Upgrade Taipei's Status

PRESIDENT Clinton is expected soon to modestly upgrade Taiwan's diplomatic status in Washington. Such a move would inject a note of common sense into United States relations with Taiwan.

Since Taiwan's ouster from the United Nations in October 1971, and since the US shifted its diplomatic recognition of China to Beijing in 1979, Washington's relations with the island have been conducted under increasingly Byzantine rules. Those rules, as well as a 1982 agreement with China to reduce arms sales to Taiwan, didn't prevent the US from selling nearly $6 billion worth of F-16 fighters to Taipei in 1992. Nor did they prevent the US from exporting some $16.25 billion of goods, vs. $8.7 billion to mainland China, last year. Yet the rules do lead to absurdities such as a refusal to allow Taiwan's president to leave his plane or spend the night during a refueling stop in Hawaii on a trip from Taiwan to Central America.

Some details of the new policy are still being worked out. In general, however, the changes will make it easier for US and Taiwanese officials to visit each other's countries and for Taiwanese officials to meet with their US counterparts in federal buildings.

The change comes in a context of gradually thawing political relations and growing trade links between Taipei and Beijing. Representatives of semiofficial organizations from each side (China officially views Taiwan as a breakaway province) signed agreements last week dealing with hijackers and illegal immigration. The negotiator from the mainland was Tang Shubei, vice chairman of the semiofficial organization set up to handle cross-straits issues. He was the highest-ranking official so far to hold talks with his Taiwanese counterparts.

Taiwan is viewed as one of the region's ``tiger'' economies and is undergoing political liberalization after years of one-party rule. While the US is right to defer questions of Taiwan's sovereignty to Bejing and Taipei, relegating Taiwan to the diplomatic back door is a relic that needs to be shed.

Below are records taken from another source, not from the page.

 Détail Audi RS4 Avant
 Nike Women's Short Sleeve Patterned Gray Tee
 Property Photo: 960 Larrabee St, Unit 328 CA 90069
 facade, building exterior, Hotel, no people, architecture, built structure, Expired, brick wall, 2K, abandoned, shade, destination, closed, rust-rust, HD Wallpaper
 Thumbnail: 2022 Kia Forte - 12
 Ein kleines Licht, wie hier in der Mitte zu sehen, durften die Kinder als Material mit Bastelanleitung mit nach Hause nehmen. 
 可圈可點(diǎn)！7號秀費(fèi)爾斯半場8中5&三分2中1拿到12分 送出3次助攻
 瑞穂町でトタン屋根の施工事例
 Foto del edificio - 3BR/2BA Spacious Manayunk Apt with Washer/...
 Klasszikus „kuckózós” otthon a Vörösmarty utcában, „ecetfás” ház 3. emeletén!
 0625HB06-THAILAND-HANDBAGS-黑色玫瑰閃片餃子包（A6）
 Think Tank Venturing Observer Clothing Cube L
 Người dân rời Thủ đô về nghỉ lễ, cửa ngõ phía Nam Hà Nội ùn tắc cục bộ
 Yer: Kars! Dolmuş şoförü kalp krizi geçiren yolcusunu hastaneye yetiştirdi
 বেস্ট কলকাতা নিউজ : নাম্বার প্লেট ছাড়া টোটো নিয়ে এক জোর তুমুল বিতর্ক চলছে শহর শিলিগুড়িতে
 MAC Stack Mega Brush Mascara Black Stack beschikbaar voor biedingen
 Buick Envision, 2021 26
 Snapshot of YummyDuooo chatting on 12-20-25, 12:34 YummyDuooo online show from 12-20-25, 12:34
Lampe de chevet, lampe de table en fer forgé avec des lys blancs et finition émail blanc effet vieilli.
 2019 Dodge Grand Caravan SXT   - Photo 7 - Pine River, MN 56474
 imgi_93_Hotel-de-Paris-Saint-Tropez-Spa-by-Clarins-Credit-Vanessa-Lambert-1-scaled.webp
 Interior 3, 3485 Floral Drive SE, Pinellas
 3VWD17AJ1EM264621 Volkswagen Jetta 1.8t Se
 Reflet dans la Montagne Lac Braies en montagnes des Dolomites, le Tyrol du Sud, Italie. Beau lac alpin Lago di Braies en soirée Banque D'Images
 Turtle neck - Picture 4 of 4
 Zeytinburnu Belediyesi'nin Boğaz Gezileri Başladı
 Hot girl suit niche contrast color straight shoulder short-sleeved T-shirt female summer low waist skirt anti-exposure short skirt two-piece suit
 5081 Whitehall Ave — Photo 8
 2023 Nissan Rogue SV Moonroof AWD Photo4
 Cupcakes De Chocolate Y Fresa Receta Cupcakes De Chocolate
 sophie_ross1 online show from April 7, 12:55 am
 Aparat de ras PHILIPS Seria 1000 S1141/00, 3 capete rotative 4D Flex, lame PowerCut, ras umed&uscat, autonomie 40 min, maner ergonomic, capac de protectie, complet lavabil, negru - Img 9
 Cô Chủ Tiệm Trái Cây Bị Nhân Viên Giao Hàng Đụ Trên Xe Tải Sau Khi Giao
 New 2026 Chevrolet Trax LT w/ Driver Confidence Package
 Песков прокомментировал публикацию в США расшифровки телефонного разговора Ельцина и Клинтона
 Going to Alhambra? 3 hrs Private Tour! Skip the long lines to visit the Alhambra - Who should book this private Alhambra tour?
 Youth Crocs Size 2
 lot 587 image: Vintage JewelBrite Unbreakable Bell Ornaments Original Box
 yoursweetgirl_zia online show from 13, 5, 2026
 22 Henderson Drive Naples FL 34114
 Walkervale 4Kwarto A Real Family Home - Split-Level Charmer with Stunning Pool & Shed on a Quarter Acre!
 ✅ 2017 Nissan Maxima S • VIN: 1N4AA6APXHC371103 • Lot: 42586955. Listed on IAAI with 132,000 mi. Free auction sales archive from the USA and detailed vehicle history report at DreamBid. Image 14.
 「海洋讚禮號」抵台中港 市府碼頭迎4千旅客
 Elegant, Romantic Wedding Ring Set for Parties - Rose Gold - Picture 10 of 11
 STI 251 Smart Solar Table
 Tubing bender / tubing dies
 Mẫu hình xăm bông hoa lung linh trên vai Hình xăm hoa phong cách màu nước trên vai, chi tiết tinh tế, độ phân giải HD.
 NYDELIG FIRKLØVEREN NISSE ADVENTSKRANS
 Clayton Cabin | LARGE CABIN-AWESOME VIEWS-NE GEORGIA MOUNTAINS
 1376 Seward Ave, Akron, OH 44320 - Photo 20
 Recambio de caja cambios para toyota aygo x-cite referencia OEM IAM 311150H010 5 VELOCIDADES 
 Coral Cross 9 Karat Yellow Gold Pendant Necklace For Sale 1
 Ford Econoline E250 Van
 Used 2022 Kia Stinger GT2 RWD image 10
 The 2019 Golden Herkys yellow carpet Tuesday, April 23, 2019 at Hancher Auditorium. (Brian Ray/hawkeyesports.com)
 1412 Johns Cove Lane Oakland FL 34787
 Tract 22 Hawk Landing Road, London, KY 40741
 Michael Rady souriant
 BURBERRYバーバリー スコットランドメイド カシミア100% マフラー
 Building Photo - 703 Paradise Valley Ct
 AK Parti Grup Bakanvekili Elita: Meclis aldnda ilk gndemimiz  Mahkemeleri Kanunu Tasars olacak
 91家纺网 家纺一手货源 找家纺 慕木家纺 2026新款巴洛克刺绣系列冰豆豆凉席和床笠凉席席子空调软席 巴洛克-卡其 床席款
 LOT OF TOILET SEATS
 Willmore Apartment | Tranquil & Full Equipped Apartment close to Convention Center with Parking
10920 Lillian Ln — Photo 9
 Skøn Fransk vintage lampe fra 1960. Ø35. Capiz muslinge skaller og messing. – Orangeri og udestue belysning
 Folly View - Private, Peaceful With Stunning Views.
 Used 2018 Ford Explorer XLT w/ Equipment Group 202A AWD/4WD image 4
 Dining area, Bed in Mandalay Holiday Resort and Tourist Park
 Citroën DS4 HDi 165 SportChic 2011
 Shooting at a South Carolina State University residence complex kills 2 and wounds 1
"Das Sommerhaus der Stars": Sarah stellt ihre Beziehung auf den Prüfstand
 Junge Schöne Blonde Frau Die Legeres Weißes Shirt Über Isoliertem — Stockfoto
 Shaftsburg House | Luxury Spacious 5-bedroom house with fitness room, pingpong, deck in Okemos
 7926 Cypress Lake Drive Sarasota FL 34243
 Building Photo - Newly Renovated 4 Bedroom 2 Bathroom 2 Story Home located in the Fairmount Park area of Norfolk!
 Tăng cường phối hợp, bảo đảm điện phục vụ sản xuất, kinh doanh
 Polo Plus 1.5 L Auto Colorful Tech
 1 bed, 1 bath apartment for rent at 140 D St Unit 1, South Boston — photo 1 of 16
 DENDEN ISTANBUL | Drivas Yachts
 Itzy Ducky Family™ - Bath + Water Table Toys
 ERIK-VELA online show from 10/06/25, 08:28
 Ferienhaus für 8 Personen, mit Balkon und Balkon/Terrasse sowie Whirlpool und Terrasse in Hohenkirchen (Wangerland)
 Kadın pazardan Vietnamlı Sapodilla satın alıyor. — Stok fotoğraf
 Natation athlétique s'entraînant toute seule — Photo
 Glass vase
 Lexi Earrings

China has not renounced the use of force as it pursues the goal of bringing Taiwan under Bejing's control. Moreover, Beijing is concerned about the increasing numbers of Taiwanese who favor independence. The shift in Washington's approach should serve notice that while the US supports a peaceful process for resolving issues between the island and the mainland, it views Taiwan as too important a regional player to write off.